*PROBLEM TO WORK ON:* Include in the reply only the lines from the start of the data below through the line containing "2015 May Latest", reproduced exactly and with no pictures.

● ● ● ● ●

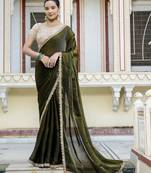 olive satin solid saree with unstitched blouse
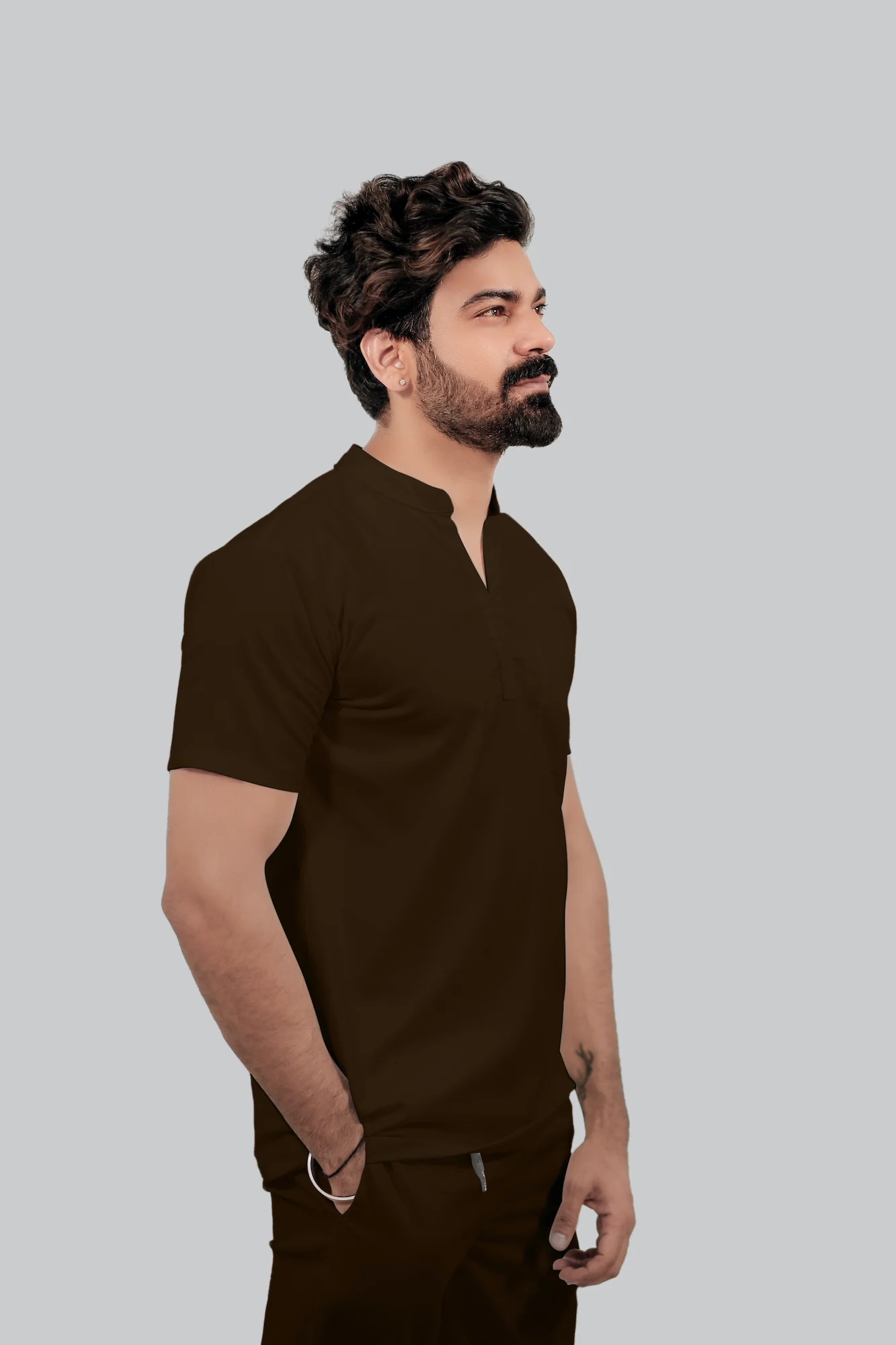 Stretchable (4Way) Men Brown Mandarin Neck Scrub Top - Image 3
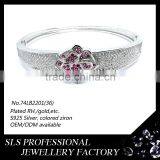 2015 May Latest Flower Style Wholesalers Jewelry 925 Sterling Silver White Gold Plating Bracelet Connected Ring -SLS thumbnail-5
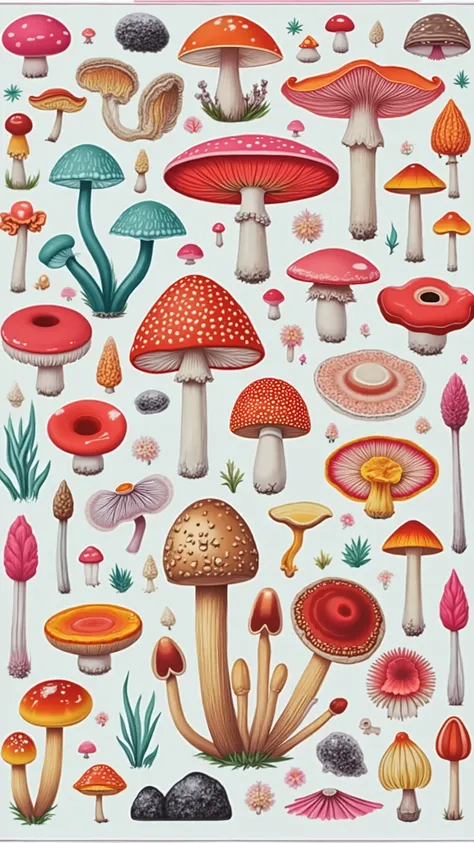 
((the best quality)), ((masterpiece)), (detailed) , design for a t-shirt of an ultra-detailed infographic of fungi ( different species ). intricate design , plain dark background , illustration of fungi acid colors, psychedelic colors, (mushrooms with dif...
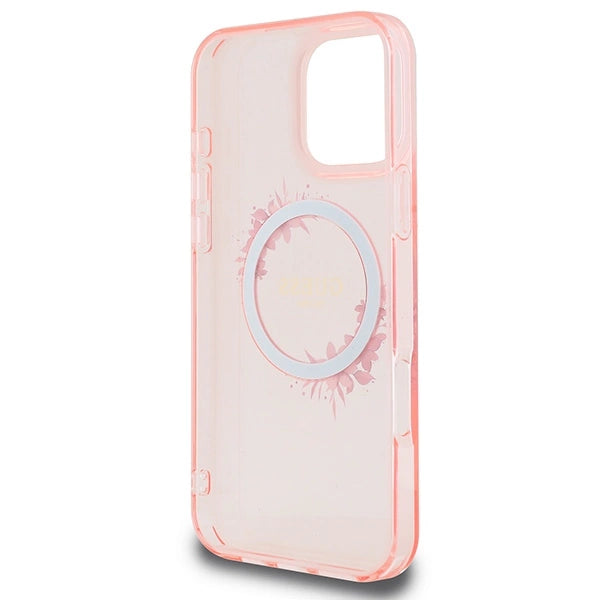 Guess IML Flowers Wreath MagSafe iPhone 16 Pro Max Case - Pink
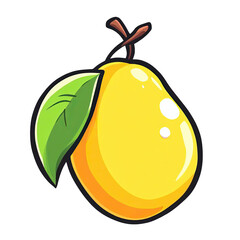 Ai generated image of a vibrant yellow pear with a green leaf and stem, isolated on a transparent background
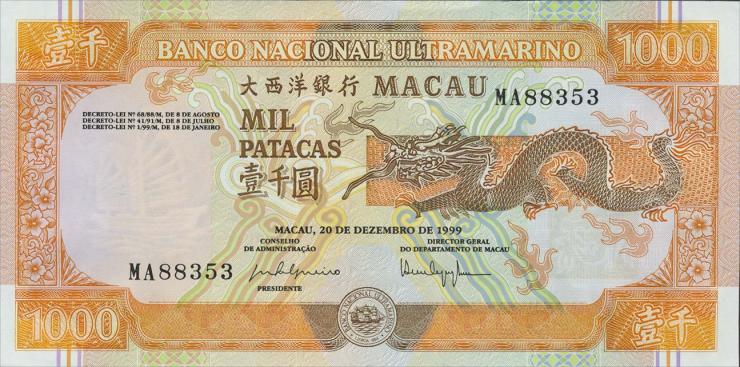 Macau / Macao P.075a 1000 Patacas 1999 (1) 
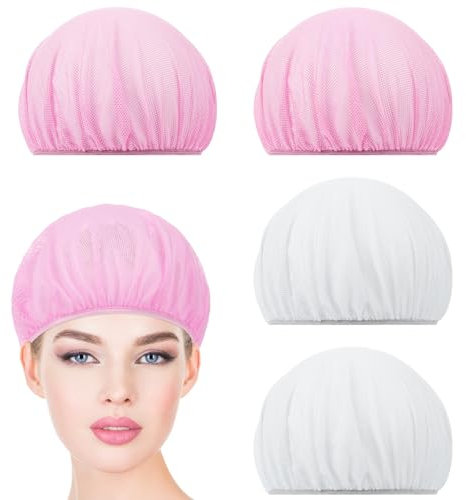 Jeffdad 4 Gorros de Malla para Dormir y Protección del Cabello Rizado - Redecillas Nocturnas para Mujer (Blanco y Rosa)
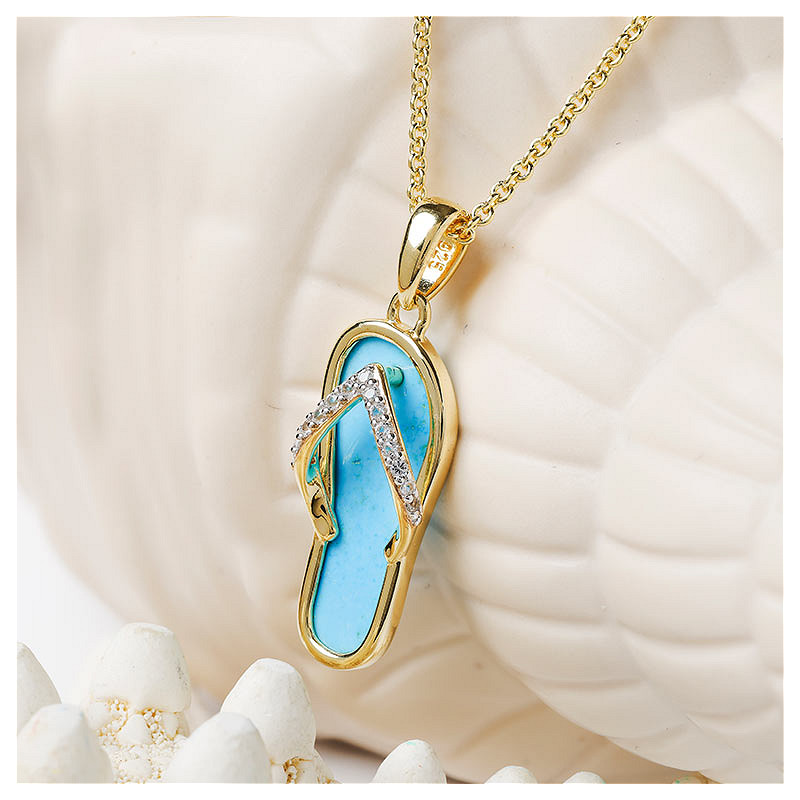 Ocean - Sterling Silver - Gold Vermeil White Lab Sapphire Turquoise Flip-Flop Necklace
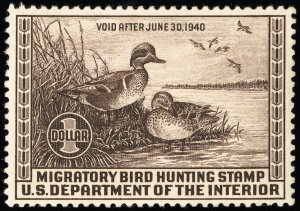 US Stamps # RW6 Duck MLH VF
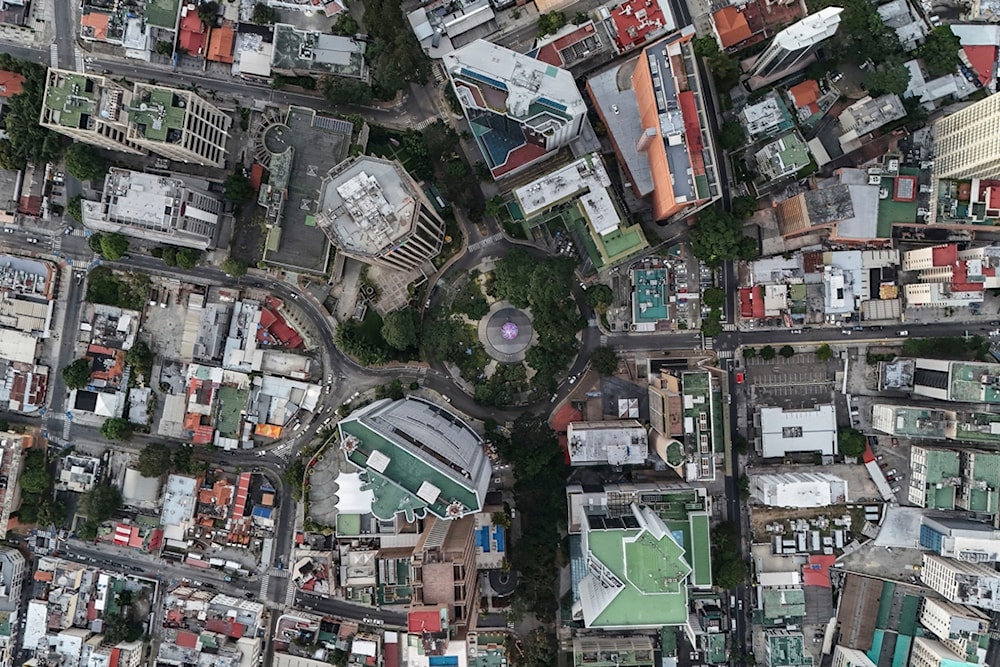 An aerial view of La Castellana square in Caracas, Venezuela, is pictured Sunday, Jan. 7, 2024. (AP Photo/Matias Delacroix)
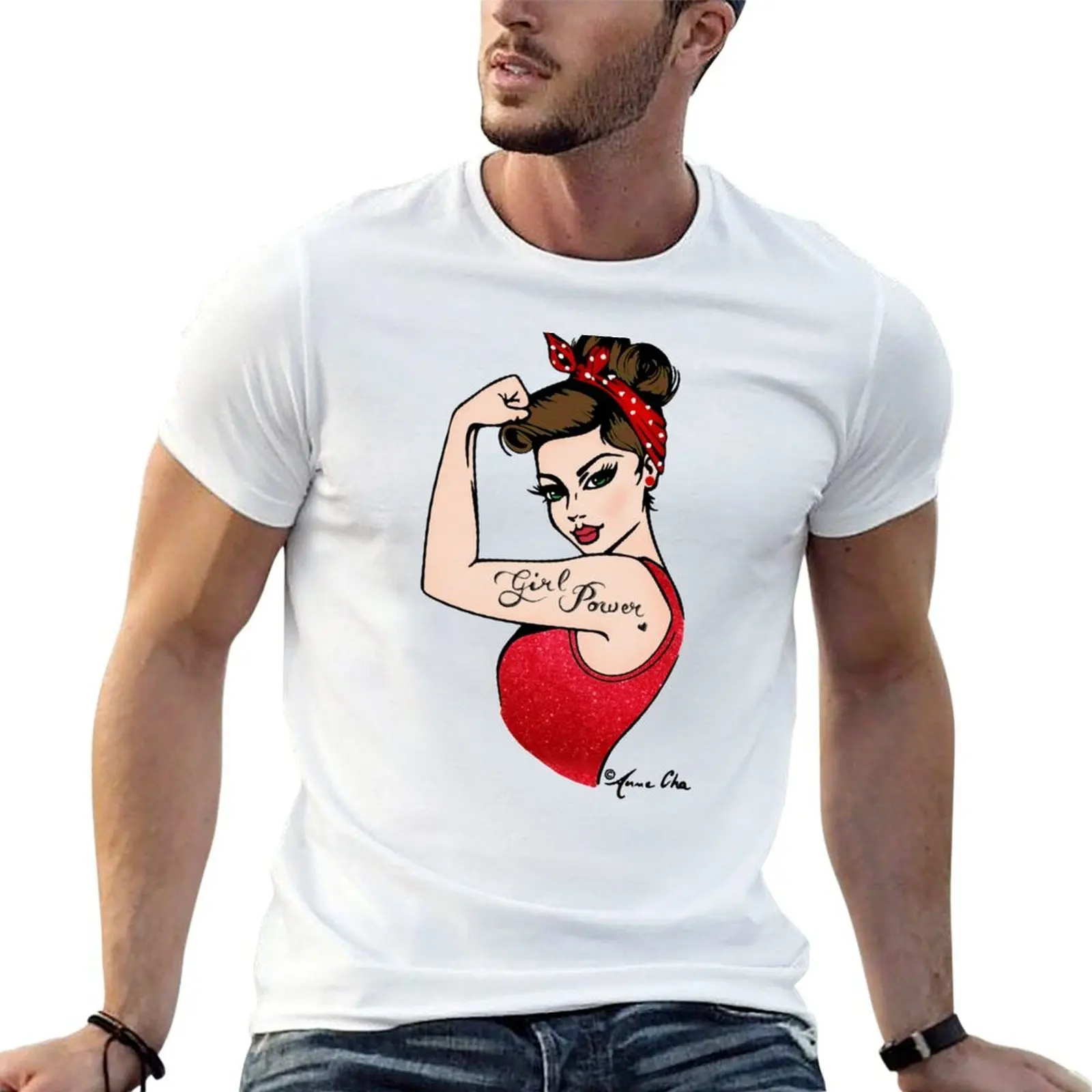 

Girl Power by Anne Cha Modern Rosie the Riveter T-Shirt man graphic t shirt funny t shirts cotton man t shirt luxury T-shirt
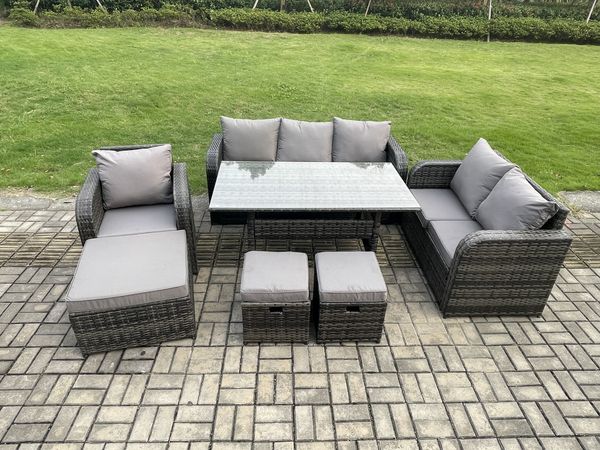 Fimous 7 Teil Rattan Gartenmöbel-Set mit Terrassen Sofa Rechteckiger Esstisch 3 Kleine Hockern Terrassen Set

● ● ● ● ●

*RESULT OF THE EXERCISE:*
 olive satin solid saree with unstitched blouse
 Stretchable (4Way) Men Brown Mandarin Neck Scrub Top - Image 3
 2015 May Latest Flower Style Wholesalers Jewelry 925 Sterling Silver White Gold Plating Bracelet Connected Ring -SLS thumbnail-5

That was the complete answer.